French court to decide fate of Pissarro painting

Source: AFP Published: 2020/11/5 17:43:40

Avenue de l'Opera by Camille Pissarro in 1898 Photo: VCG



 A French court is to decide the fate of an impressionist painting by Camille Pissarro after the daughter of a man, from whom the Nazis stole it, challenged a US-French accord.

A lawyer for Leone-Noelle Meyer, 80, said she has asked that a 2016 agreement with the Foundation of the University of Oklahoma be overturned so that she can donate the impressionist painting La Bergère rentrant des moutons, or Shepherdess Bringing in Sheep, to the Musee D'Orsay in Paris.

The oil-on-canvas work was painted in 1886 and acquired in the 1930s by Meyer's adoptive father, Raoul Meyer, who ran the Paris department store Galeries Lafayette.

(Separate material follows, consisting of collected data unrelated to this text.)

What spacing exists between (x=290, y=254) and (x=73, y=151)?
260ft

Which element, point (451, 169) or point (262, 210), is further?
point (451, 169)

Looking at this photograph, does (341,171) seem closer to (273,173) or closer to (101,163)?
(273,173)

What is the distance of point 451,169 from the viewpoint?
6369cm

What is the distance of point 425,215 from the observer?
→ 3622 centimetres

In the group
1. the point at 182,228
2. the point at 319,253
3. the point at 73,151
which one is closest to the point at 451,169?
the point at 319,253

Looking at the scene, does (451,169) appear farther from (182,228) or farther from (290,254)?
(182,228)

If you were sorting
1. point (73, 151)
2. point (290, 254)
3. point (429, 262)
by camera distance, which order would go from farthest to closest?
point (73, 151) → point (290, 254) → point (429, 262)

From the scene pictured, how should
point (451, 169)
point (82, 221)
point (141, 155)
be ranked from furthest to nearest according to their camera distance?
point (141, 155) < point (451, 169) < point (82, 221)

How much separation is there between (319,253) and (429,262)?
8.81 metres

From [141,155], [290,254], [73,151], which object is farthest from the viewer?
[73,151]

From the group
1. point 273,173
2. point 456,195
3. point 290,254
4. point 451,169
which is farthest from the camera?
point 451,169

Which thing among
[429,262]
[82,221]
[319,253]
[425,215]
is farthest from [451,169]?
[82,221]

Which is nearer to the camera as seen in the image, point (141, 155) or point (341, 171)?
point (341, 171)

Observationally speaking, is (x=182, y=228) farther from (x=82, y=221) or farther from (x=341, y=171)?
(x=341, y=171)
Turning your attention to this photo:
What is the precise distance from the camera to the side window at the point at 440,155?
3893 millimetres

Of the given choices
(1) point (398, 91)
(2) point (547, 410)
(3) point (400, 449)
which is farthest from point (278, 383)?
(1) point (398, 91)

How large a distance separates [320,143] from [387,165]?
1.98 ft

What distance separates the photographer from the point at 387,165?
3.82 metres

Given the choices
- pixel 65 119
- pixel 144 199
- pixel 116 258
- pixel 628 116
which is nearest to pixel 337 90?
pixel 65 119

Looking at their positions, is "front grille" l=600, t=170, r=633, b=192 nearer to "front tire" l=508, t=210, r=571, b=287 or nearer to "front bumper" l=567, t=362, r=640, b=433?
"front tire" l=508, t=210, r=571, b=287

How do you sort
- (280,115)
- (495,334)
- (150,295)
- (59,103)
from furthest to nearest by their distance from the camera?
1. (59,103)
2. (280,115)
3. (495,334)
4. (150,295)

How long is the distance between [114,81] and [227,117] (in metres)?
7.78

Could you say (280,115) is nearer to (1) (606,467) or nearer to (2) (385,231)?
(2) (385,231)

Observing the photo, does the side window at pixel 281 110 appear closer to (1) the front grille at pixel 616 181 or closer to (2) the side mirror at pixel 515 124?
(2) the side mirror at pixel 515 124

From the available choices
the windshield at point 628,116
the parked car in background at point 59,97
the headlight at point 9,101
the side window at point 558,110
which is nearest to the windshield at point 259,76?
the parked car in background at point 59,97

It was confiscated by Nazi forces in February 1941 and wound up in Switzerland at the end of World War II before being bought by Aaron and Clara Weitzenhoffer, who bequeathed it to the University of Oklahoma.

Leone-Noelle Meyer learned of its existence there almost 10 years ago, and launched proceedings to recover the painting.

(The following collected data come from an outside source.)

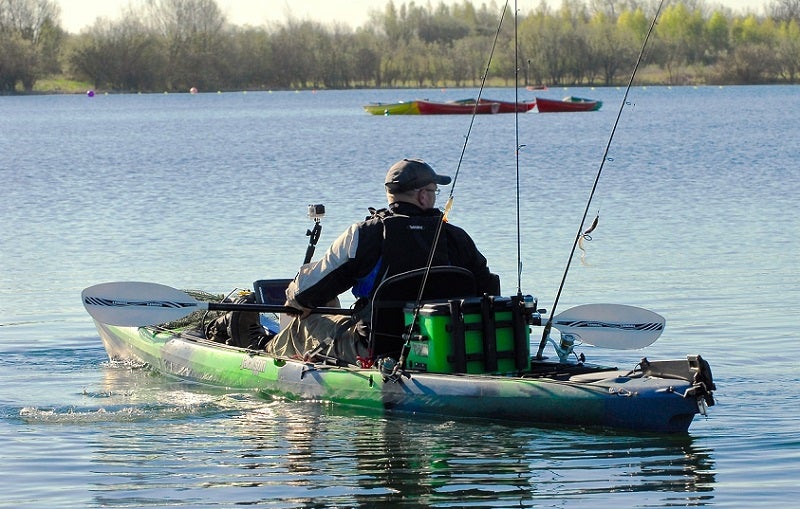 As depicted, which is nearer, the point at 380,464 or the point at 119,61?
the point at 380,464

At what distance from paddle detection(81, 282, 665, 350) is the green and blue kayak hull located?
25cm

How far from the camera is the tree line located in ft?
306

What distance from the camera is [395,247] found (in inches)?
306

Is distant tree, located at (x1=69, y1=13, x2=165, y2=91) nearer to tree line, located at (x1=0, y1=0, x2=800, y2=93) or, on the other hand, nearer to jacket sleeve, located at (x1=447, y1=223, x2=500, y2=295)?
tree line, located at (x1=0, y1=0, x2=800, y2=93)

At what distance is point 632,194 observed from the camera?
21531 millimetres

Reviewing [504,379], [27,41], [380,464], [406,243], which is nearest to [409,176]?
[406,243]

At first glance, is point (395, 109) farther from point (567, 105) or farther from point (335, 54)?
point (335, 54)

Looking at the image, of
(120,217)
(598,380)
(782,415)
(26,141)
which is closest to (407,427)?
(598,380)

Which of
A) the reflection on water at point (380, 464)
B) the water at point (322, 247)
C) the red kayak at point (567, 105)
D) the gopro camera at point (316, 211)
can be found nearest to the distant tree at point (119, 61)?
the red kayak at point (567, 105)

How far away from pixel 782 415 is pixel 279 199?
14.8 meters

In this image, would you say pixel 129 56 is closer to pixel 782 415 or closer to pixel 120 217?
pixel 120 217

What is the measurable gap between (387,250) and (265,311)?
1.17 metres

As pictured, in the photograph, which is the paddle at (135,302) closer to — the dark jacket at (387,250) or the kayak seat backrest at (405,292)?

An agreement was reached in February 2016 under which she became the owner, and after being displayed for five years in France, the work was to rotate for three-year period with the university's Fred Jones Jr museum of art.

But Meyer wants to give the painting to the Musee d'Orsay while she is still alive, and the museum has declined the gift because of the strings attached to it.

The painting is scheduled to return to the US on July 16, 2021.

"Mrs Meyer is fighting for the right to donate this painting to the Musee d'Orsay," Meyer's lawyer Ron Soffer told AFP.